How Hash Algorithm Works in Distributed systems?
Data is stored based on selected field (s) which are used for distribution. When you have a Distribution Key by Hash the values of the Distribution Key are run through a Hash Formula. Then, a map is used to distribute the row to the correct segment. The formula is designed to be consistent so that all like values go to the same segment.
==Data(A) => Hash Function(B) => Logical Segment list(C) => Physical Segment list(D) => Storage(E).
When data arrives at the Greenplum, it is hashed based on field(s) and a hash function (B) is used for this purpose.
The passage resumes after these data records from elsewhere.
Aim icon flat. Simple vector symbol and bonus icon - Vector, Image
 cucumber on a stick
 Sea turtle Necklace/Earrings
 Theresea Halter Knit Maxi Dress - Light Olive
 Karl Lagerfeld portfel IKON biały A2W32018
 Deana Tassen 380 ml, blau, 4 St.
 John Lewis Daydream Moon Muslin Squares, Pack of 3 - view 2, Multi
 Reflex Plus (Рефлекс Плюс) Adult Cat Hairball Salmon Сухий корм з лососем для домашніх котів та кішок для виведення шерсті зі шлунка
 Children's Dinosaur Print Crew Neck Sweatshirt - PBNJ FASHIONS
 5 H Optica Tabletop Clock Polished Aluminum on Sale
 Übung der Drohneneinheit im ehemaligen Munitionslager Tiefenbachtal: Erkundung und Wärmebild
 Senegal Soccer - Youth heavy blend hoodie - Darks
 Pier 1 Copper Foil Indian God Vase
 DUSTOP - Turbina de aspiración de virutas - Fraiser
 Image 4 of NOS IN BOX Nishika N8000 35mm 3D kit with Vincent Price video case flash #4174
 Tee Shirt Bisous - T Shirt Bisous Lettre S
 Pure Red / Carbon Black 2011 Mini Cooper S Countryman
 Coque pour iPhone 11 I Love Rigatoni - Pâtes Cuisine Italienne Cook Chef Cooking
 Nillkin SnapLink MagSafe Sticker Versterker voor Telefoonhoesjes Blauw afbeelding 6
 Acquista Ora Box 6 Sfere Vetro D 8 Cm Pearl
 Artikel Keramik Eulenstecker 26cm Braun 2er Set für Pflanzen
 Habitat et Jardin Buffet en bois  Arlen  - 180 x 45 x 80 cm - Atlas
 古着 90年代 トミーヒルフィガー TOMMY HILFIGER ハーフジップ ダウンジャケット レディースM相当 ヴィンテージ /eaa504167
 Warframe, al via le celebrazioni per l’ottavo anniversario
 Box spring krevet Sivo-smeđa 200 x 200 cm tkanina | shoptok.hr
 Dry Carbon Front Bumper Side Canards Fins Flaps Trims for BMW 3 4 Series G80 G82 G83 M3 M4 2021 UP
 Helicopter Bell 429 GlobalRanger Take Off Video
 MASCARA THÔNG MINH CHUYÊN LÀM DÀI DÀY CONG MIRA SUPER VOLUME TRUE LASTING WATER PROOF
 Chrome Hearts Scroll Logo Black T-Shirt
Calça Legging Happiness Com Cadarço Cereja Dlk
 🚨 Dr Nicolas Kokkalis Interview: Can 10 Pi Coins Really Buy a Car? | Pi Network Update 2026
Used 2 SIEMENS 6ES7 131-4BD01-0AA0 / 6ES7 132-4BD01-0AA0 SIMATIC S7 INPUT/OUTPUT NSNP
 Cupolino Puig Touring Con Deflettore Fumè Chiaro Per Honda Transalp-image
For example, Consider 3 node system, logical segment list has 3 unique entries. If there are 24 hashed data items from (B), there are 24 entries in (C), then all having only 4 segment entries. For example (C) has values [1,2,3,1,2,3,1,2,3,1,2,3,1,2,3…..]. Then, a map is used to distribute the row to the correct segment. The formula is designed to be consistent so that all like values go to the same segment.
Perfect Distribution Key
Consider the Student_marks table. Let us assume data in the table are distributed on student_id which is a primary key. In this example, Greenplum system distributes the data evenly across all the segments as depicted in figure.
CREATE TABLE Students_marks ( Student_ID integer, Sub_code char(3), Name text, Marks integer ) DISTRIBUTED BY (Student_ID);
Read:
Poor Distribution Key
Consider the Student_marks table. Now let us store which are distributed on Sub_code. In this example, Greenplum system distributes the data unevenly across all the segments as depicted in figure. Uneven distribution causes data skew for instance node 1 in below figure
CREATE TABLE Students_marks ( Student_ID integer, Sub_code char(3), Name text, Marks integer ) DISTRIBUTED BY (Sub_code);